Time stops, and you’re just all about making something look a certain way. Stephen Sondheim calls it trancing out. You’re right there, in the moment, you have to do it.
-- Kate Matson
For more than 20 years, Arlington couple Kate Matson and Mark Harvey have inspired each other and their audiences with a combination of animated silent film and improvisational live music. Their next “FiLmprov” performance was Friday, Feb. 23, in Cambridge.
“It’s very exciting for me to watch,” Kate says of their shows. “You never know what’s going to happen.”
YourArlington interviewed the couple in their home to learn about their unique collaboration. Both talk about their passions in an unassuming but intensely engaged way.
What is FiLmprov? First, Kate creates a film in which she animates everyday objects --her late father’s oboe reeds may become two-legged characters; a group of spoons may dance in formation across the screen.
Among our many-faceted residents
Mark, FiLmprov's music director, views the film and creates a cue sheet indicating when each instrument should come in. Next, the musicians watch the film -- just once -- without instruments. At the show, it all comes together in a one-time-only experience.
“Everything we do is spontaneous,” adds Mark. “We’re making it up as we go along.”
But don’t confuse spontaneity with lack of discipline. On the contrary, Mark says. Over the years they’ve worked together, the FiLmprov musicians have become more disciplined: “We know each other’s moves like a basketball team. We have our different roles, but have a lot of freedom within them.”
How Kate got started
Kate’s foray into film began when she worked as a graphic designer several decades ago. “I got a bug to see something moving,” she said simply. She found a Super-8 video camera in the back of a camera store and tried it out.
Mark observes with unabashed admiration that Kate is entirely self-taught in film and animation. Kate views her lack of training as an asset: “Part of the advantage of being uneducated is that you try things.”
Technology has evolved quickly over the past 22 years. Kate is always on the lookout for different programs, and is always teaching herself new skills.
But she likes her original Super-8 medium best. The name refers to the old Kodak film’s 8mm width. Kate says it enables her to do frame-by-frame animation. The film is chemically developed, which gives it a different look that suits Kate’s artistic vision.

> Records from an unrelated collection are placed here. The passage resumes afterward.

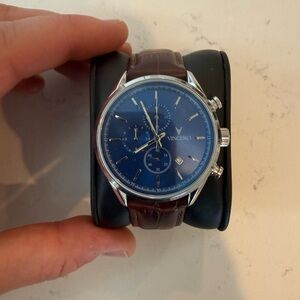 Vincero Chrono S2 Watch - Blue Dial & Brown Italian Leather Strap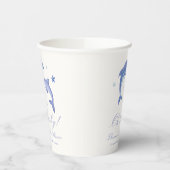Blue Modern Summer Dolphin Stars Baby shower Papieren Bekers (Links)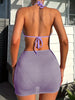 Plain Purple Chain Decor Shinny Fabric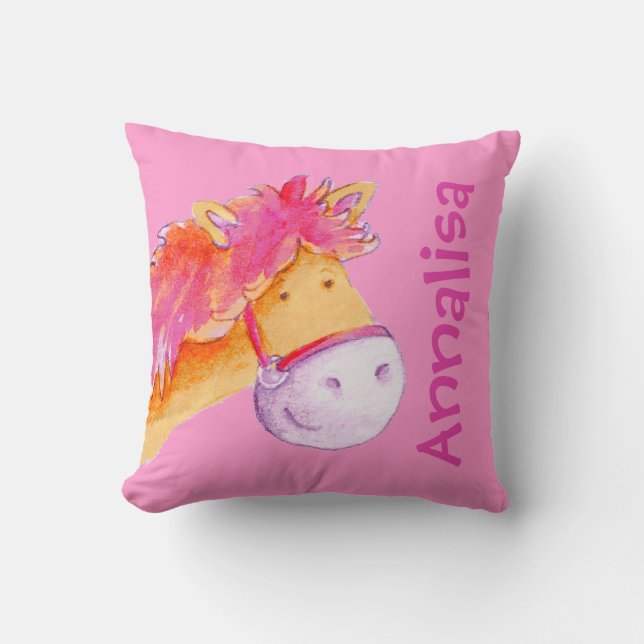 Coussin rose orange de poney de filles mignonnes (Recto)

It’s not easy, though; she mails her undeveloped work to California -- to the one place that still develops it -- and hopes it makes the round-trip journey. Once, she said, her film got lost in the mail. It was later found.
Mark's music, creativity
Mark teaches music at MIT and has led Aardvark Jazz Orchestra since 1973. He said he begins his music-improvisation class with Kate as his guest and FiLmprov as the topic. Because there is no genre, he said, no one has a leg up on anyone else. It breaks down the walls and makes room for every student to feel that improvisation is possible.
Where do they find inspiration for their boundless creativity?
For Kate, it’s in whatever object grips her at the moment. Old fans that remind her of tutus. Crumpled paper. Each becomes a character in the vivid world of her animation. “Play Time is a huge wonderful source for things to animate,” she says of Arlington’s chock-a-block hobby store.
Mark finds inspiration in almost anything, he says -- political, cultural and historical events, and people. He cites the portraiture of jazz great Duke Ellington and modernist Charles Ives as models for his musical portraits.
Kate and Mark cite each other’s work a source of ongoing inspiration.
What advice do they have for others breaking down the barriers to their own creativity?
Mark tells his MIT students to carve out time for music despite a heavy course load. “You literally just have to put the time aside to do it,” he says, even if it’s just half an hour a week. It’s worth it when you find that moment of Zen, they both suggest.
“Without it, you’re not as happy,” Kate observes. “Your life just isn’t quite complete.”
Kate describes her state when she’s deep in an animation project: “Time stops, and you’re just all about making something look a certain way. Stephen Sondheim calls it trancing out. You’re right there, in the moment, you have to do it.”
How you get to that in-the-moment feeling, she suggests, is different for each of us.